Pour respirer, un homme se place face à l’océan. Il nous dit que le fleuve Columbia y déverse des dioxynes et des radionucléides [14], mais l’océan est pour lui la métaphore du calme de l’éternité. Il se tient immobile - son petit chien blanc, Sally, vaque autour de lui - et pense aux petites choses. Il regarde la lumière. Il écoute le vacarme. Là même, au loin, nous percevons des containers, des super-tankers, des grues, des usines... Il pense à un temps de soleil et de silence, aux étendues de prairies où il faut marcher avec prudence pour ne pas écraser le nid des oiseaux [15]. Il pense aux recoins de son jardin, le royaume de Sally : "Nous commençons à deviner que nous avons besoin d’une mesure du monde différente, une mesure qui reconnaît l’importance des petites vies et des havres modestes" [16].
Arthur Kopel
[1] Demetrios, Du Style, p. 68, Belles Lettres, Paris, 1994.
[2] Robert Adams, En Longeant quelques rivières, p. 79, Actes Sud & la Fondation Cartier pour l’art contemporain, Arles, 2007.

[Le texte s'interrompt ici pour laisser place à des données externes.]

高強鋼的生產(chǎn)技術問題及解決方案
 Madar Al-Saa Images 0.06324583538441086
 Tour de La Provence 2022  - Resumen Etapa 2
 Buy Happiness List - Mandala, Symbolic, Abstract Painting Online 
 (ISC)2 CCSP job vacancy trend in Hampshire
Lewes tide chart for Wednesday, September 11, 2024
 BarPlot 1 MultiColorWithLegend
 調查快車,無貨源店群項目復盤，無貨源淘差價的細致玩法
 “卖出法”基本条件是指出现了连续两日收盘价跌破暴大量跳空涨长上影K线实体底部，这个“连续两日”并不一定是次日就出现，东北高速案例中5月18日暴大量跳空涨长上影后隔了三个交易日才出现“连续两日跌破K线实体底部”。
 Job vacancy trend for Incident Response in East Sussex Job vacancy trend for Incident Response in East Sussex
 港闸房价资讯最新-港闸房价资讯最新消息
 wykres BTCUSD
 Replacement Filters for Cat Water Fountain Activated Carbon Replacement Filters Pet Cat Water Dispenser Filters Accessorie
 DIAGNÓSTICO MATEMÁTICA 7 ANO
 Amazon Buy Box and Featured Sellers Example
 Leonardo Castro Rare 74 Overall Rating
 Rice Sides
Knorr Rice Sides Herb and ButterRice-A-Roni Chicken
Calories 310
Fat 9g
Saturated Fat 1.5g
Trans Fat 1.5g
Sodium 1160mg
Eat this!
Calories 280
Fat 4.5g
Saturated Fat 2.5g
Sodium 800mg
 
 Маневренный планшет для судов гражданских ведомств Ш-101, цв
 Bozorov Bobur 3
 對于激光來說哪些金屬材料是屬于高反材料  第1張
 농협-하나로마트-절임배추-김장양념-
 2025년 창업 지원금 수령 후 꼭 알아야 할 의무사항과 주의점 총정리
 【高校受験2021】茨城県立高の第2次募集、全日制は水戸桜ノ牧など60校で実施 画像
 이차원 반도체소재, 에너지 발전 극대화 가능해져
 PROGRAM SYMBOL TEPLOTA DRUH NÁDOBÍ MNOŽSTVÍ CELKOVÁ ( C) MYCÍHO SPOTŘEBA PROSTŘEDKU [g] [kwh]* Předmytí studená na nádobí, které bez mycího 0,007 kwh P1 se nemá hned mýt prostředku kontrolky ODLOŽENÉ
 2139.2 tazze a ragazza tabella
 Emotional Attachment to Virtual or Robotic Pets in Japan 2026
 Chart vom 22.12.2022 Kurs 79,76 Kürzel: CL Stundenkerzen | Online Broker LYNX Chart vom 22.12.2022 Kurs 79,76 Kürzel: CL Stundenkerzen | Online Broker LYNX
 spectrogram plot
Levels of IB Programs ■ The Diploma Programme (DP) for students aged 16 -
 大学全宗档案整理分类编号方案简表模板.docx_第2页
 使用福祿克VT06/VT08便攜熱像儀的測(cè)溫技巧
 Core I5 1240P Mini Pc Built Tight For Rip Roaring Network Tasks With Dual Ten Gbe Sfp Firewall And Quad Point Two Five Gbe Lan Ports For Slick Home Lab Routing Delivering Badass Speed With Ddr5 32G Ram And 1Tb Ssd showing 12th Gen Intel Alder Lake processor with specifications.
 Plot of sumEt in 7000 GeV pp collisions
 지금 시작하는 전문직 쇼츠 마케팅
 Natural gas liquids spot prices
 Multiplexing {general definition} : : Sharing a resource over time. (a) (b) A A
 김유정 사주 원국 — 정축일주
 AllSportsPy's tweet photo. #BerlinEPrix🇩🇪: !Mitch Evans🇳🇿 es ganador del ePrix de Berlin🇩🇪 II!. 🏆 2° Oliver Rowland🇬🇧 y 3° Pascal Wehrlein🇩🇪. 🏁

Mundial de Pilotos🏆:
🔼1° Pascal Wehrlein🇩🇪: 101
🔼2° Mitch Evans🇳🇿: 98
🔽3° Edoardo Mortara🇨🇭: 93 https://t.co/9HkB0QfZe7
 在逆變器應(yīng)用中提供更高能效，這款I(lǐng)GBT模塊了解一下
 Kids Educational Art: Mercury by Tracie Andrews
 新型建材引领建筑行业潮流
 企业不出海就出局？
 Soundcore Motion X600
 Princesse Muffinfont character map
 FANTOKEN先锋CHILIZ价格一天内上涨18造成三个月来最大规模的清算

[3] Robert Adams, Why People photograph, p. 9, Aperture, New York, 1996.
[4] Robert Adams, Beauty in Photography, p. 30 Aperture, New York, 1996.
[5] Denys d’Halicarnasse, De l’Imitation, p. 29, Belles Lettres, Paris, 1992.
[6] Aristote, Rhétorique, Livre III 1404b, p. 42, Belles Lettres, Paris, 1973.
[7] Robert Adams, Los Angeles Spring, n.p., Aperture, New York, 1986.
[8] Robert Adams, Cottonwoods, p.11, Smithsonian Institution Press, Washington, 1994.
[9] Robert Adams, West from Columbia, n. p., Aperture, New York, 1995.
[10] Robert Adams, Essai sur le Beau en Photographie, p.32, Fanlac, Périgueux, 2007.
[11] Robert Adams, From the Missouri West, Aperture, New York, 1980
[12] Robert Adams, Listening to the River, p. 7, Aperture, New York, 1994
[13] Robert Adams, Essai sur le Beau en Photographie, op. cit. p. 45 et 89.
[14] Robert Adams, West from Columbia, op. cit.
[15] Robert Adams, Perfect Times, perfect places, Aperture, New York, 1988.
[16] Robert Adams, I Hear the leaves and love the light, Nazraeli Press, Tucson, 1999.